In a similar way, when we first tested the read-optimized ssds , we quickly saw that streamed data would install in this caching layer and that it could slow down the processing later. Again the beauty of working on an appliance and closely with developers meant that the following build, those problems had been solved.
Transaction Group Time
ZFS operates by issuing regular transaction groups in which modifications since last transaction group are recorded on disk and the ueberblock is updated. This used to be done at a 5 second interval but with the recent improvement to the write throttling code this became a 30 second interval (on light workloads) which aims to not generate more than 5 seconds of I/O per transaction groups.
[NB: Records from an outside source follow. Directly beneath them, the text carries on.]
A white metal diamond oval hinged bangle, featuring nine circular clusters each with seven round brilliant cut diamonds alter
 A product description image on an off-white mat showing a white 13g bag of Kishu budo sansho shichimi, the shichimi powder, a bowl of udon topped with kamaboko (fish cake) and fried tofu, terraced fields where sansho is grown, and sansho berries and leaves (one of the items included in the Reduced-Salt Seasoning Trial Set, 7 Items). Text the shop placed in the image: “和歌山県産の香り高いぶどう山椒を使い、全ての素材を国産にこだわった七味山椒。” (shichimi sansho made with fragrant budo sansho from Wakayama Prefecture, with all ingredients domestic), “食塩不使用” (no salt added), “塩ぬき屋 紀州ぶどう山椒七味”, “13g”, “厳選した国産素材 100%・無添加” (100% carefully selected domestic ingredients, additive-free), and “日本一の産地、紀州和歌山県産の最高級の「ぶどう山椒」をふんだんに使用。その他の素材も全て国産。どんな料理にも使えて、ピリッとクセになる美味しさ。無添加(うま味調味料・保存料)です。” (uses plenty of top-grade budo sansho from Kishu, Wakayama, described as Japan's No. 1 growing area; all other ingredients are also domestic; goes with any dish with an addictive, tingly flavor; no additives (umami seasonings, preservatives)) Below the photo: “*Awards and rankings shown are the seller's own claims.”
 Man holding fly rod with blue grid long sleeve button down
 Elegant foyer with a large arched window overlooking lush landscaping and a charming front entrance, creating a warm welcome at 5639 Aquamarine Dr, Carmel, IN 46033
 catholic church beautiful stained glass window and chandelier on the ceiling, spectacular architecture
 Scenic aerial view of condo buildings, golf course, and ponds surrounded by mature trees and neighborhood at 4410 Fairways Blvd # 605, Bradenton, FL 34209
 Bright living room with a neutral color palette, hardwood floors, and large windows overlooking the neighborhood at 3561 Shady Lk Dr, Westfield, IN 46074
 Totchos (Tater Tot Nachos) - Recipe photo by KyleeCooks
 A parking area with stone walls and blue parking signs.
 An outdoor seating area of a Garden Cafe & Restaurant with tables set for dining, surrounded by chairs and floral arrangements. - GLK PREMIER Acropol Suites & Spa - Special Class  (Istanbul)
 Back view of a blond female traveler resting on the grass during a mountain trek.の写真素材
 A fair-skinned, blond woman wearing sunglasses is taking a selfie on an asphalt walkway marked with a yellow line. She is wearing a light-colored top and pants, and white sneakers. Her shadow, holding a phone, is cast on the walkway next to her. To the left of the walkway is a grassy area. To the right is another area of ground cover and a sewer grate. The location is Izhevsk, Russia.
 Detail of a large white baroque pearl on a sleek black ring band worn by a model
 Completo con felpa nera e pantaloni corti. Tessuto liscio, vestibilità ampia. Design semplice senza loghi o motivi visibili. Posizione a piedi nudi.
Using 5 seconds of I/O per txg was used to maximize the ratio of data to metadata in each txg, delivering more application throughput. Now these Storage 7000 servers will typically have lots of I/O capability on the storage side and the data/metadata is not as much a concern as for a small JBOD storage. What we found was that we could reduce the the target of 5 second of I/O down to 1 while still preserving good throughput. Having this smaller value smoothed out operation.
IT JUST WORKS
Well that is certainly the goal. In my group, we spent the last year performance testing these OpenStorage systems finding and fixing bugs, suggesting code improvements, and looking for better compromise for common tunables. At this point, we're happy with the state of the systems particularly for mirrored configuration with write optimized SSD accelerators. Our code is based on a recent OpenSolaris (from august) that already has a lot of improvements over Solaris 10 particularly for ZFS, to which we've added specific improvements relevant to NAS storage. We think these systems will at times deliver great performance (see Amithaba's results ) but almost always shine in the price performance categories.